In Marcus' case, there were no such indications. He was, by any yardstick, a normal North American heterosexual male. Smart, witty, free spirited, but responsible. Cared a lot what people thought about him. A proud person who did well at whatever he applied himself to. His successes, combined with lingering self doubt, had left him with a touch of arrogance. Did sports, played games (board and video), shopped for music, and enjoyed his intoxicants. In other words, like 95% of us at the time. He had never expressed any interest in dudes, or dissatisfaction with being one himself. It wasn't that these conversations were off limits - They just weren't on the radar. Granted we haven't talked in years, but I knew him well, and it's hard for me to come up with a narrative that ends with him turning into a female.
Was the story about him going to the Amazon jungle a deliberate misdirection, in order that he could discard an old identity and adopt a new one? Did he actually go to the Amazon, and did something transformative happen to him there? Curiously, Marcus's online trail ends about 5 years ago, but Marianne's only appeared online two years ago. Meaning there are 3 lost years in between.
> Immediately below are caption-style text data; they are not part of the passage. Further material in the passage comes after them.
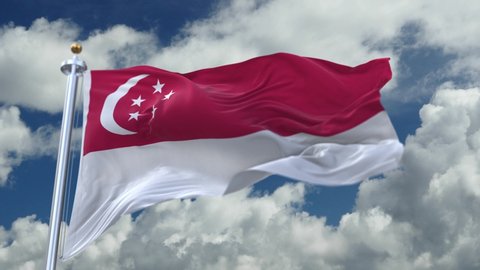 looping flag of Singapore with flagpole waving in wind,timelapse rolling clouds background.A fully digital rendering. 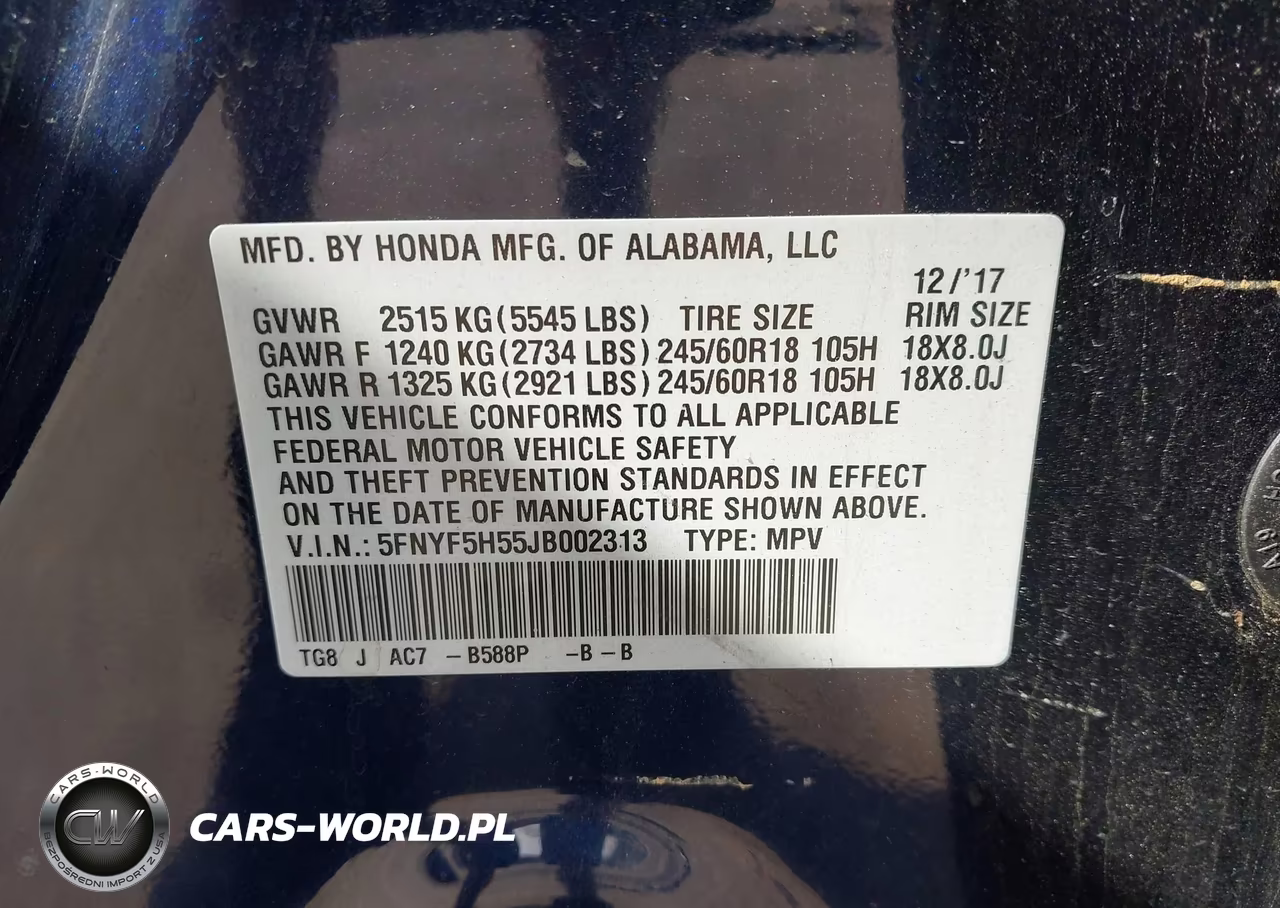 2018 Honda Pilot Ex-L VIN:5FNYF5H55JB002313 - 9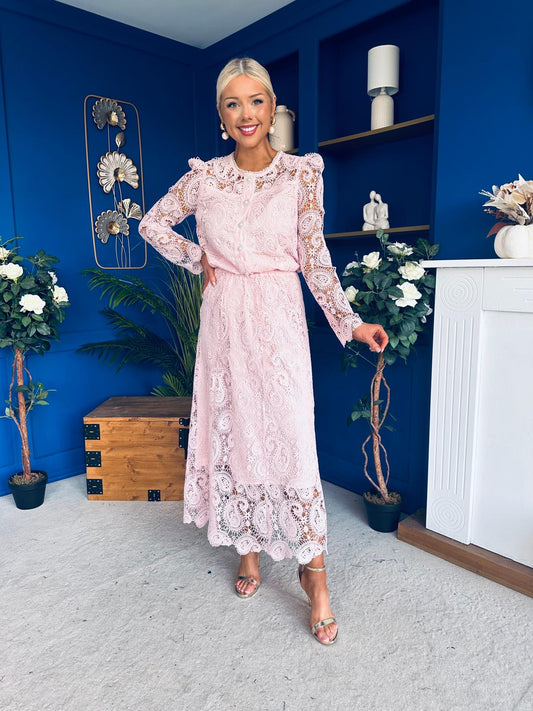 Sienna Crochet Skirt & Cardi Set Pwr Pink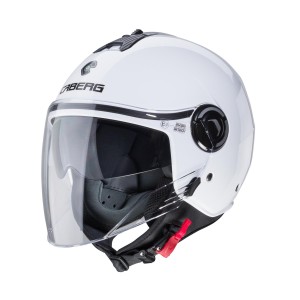 CABERG KASK OTWARTY JET Z BLENDĄ RIVIERA V4X BIAŁY POŁYSK ROZMIAR S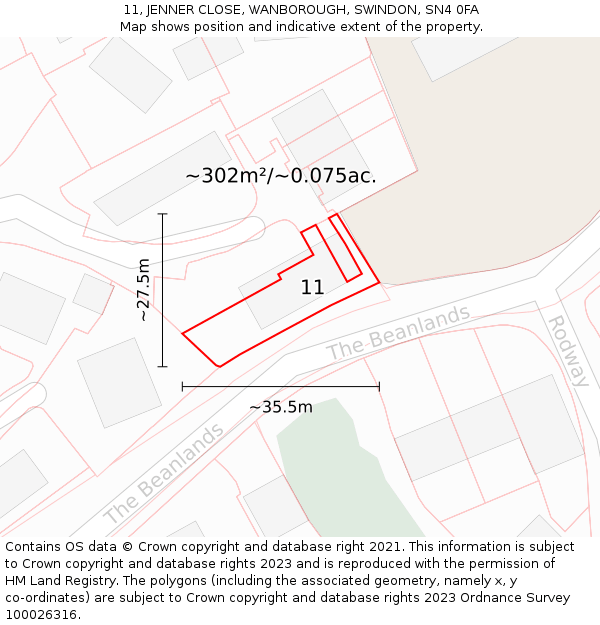 11, JENNER CLOSE, WANBOROUGH, SWINDON, SN4 0FA: Plot and title map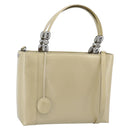 Christian Dior Maris Pearl Tote Bag Patent 2way Champagne Gold Auth 192876A-1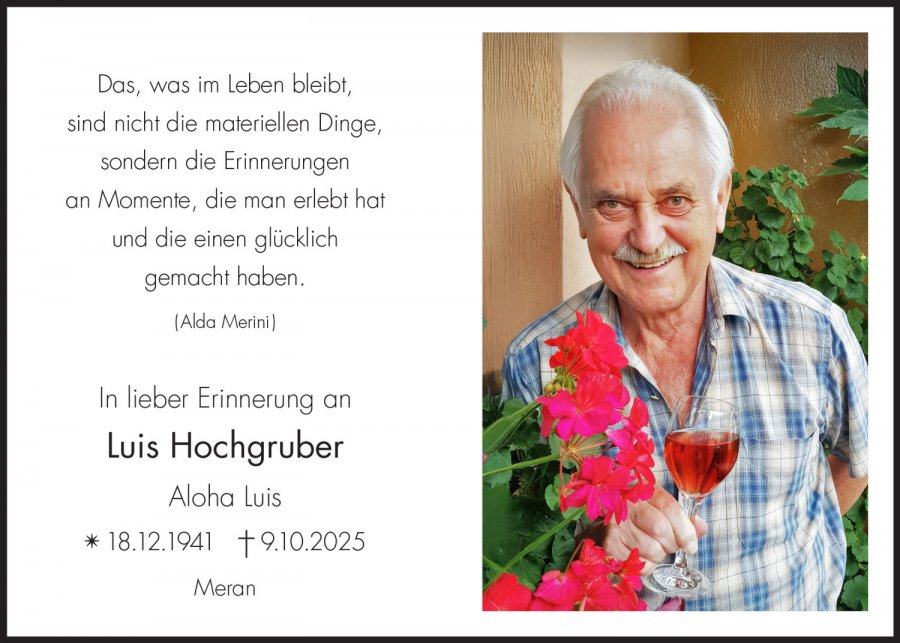 Sterbebild: Luis Hochgruber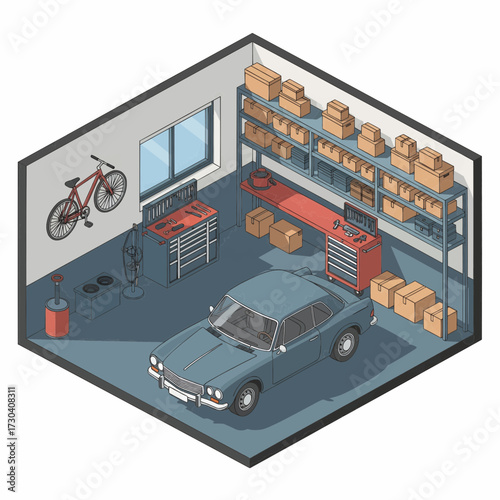 A blue car is parked in a garage with a bicycle on the wall and various tools and boxes around.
Looking at Marianne's pictures, I see no suggestion of a medical transformation. It's merely a guy who has painstakingly changed his hair and clothes so as to appear female. Marianne is a passable female, but Marcus had a deep voice which cannot be covered up with foundation. My wife tells me that most on this path eventually go undergo a medical transformation, and that this shaves a few decades off of life expectancy. It makes me sad for Marcus.
To the best of my knowledge, I'm the only one of the old crew that knows about this. He always kept everyone up to date on his adventures and successes, and his silence regarding this new life-stage is uncharacteristic, though understandable.
Has it not occurred to our other friends that he's been out of touch for 5 years? Perhaps they just assume he's still living the life of a musician on the road, and aren't seeking reminders that they aren't.
I wonder if any of the old crew know about this but aren't talking? Is it my place to let them know? Probably not.
Perhaps he needed to make a clean break in order to become who he felt he needed to.
I don't need his words, because I understand his silence.
* This is a work of fiction/cheap therapy. Many details in this have been fudged to avoid any resemblance to reality.